Entries taken from a collection:
[Start of section]
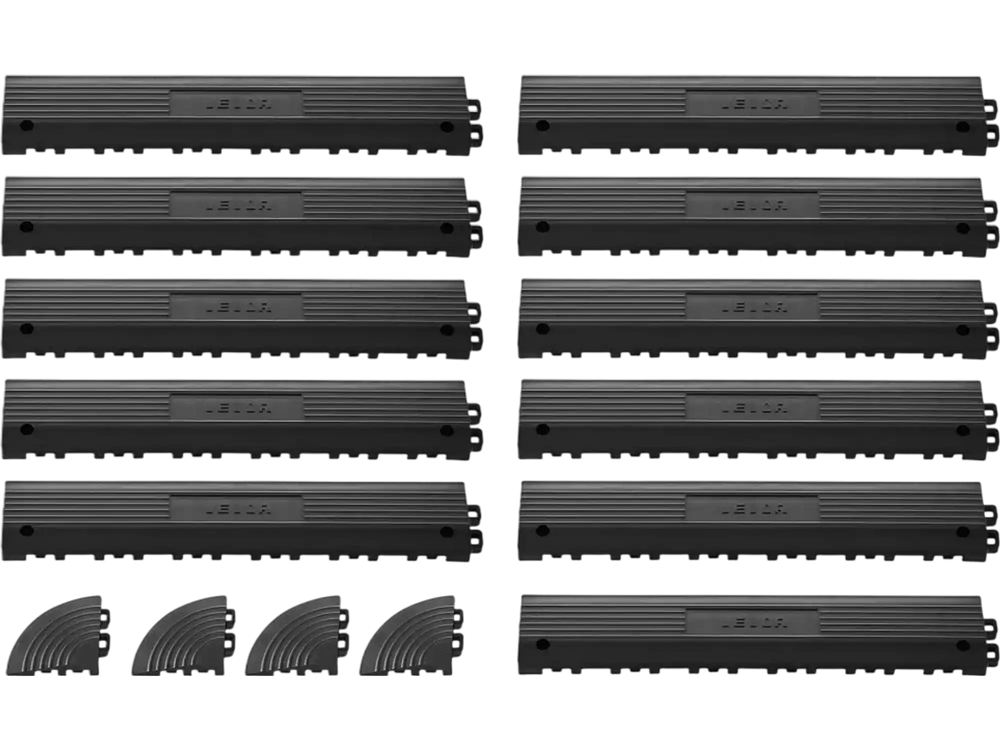 VEVOR Transition Edge Kit, 11-Piece, Durable Straight Garage Floor Edging, PP Material, Easy Installation, Edge Protection for Wet Area Restaurant Pool, Only Compatible with VEVOR Drainage Mats, Black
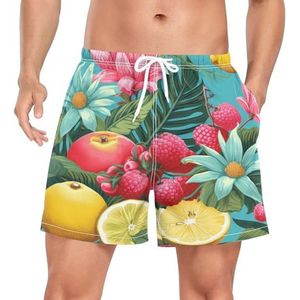 Wzzzsun Art Tropical Fruit Zomer Heren Zwembroek Board Shorts Sneldrogende Trunk met Zakken, Leuke mode, XXL
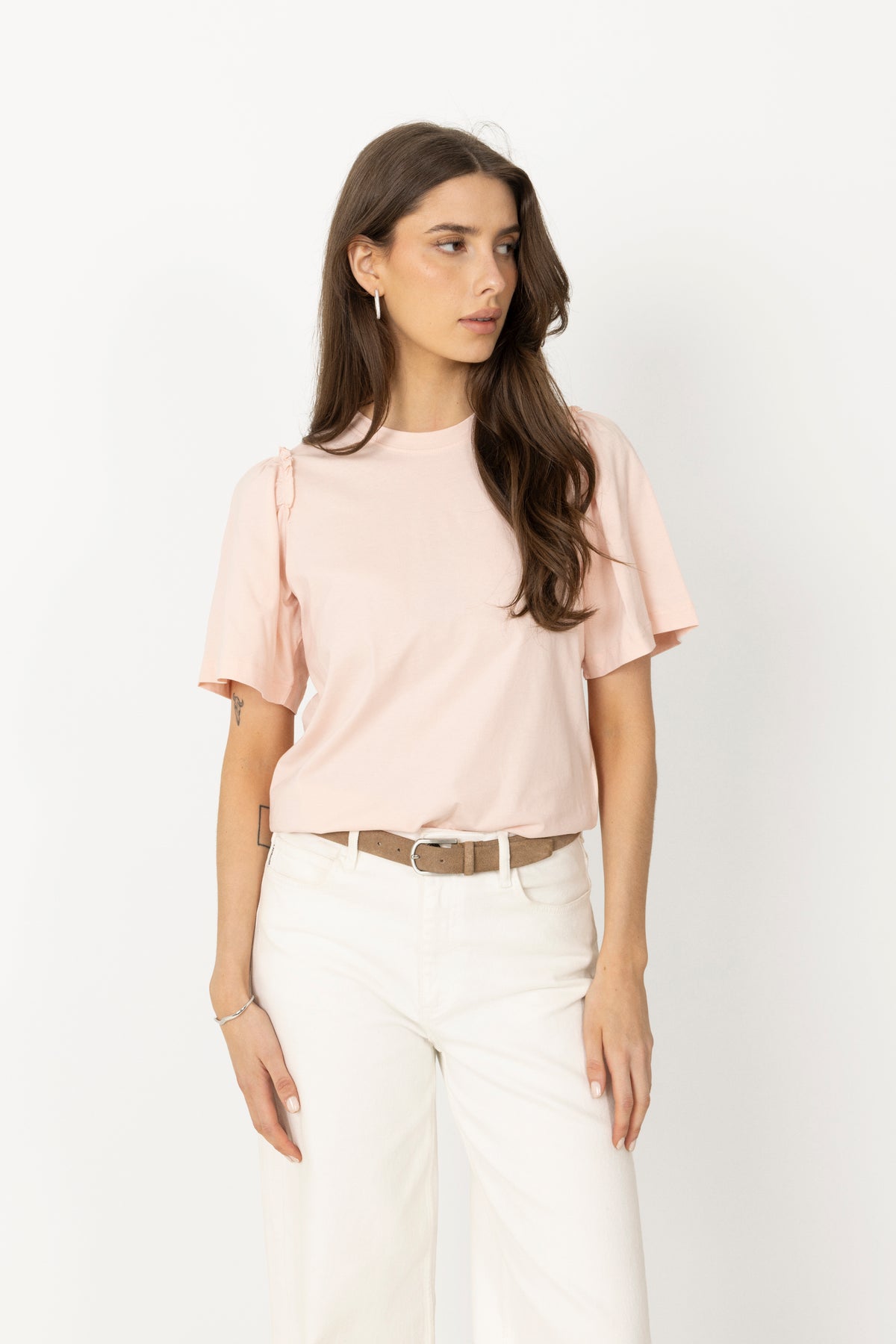 Penelope 2/4 Ruffle Tee Noos - Pale Dogwood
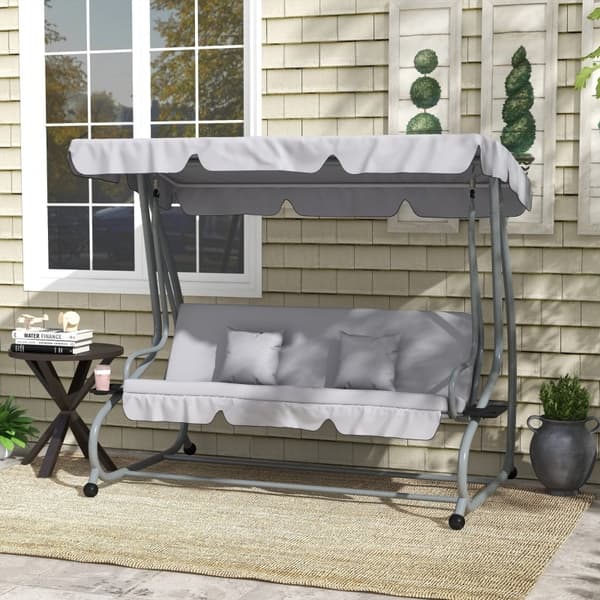 Rootz Hollywood Gynge - Havegynge - Verandagynge - 3-personers gynge - Cabriolet liggestol - Justerbar baldakin - 200 cm x 120 cm x 164 cm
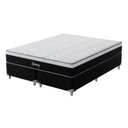 Ver imagem 1 de Cama Box Super King Molas Ensacadas Gemini 193x203x68 Montreal Branco/Preto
[End of section]
• [What the exercise asks]:
Please transcribe exactly the line containing "Rootz Hollywood Gynge" and every later line through the end of the records above, omitting pictures.

• [Result of this task]:
 Rootz Hollywood Gynge - Havegynge - Verandagynge - 3-personers gynge - Cabriolet liggestol - Justerbar baldakin - 200 cm x 120 cm x 164 cm
 Ver imagem 1 de Cama Box Super King Molas Ensacadas Gemini 193x203x68 Montreal Branco/Preto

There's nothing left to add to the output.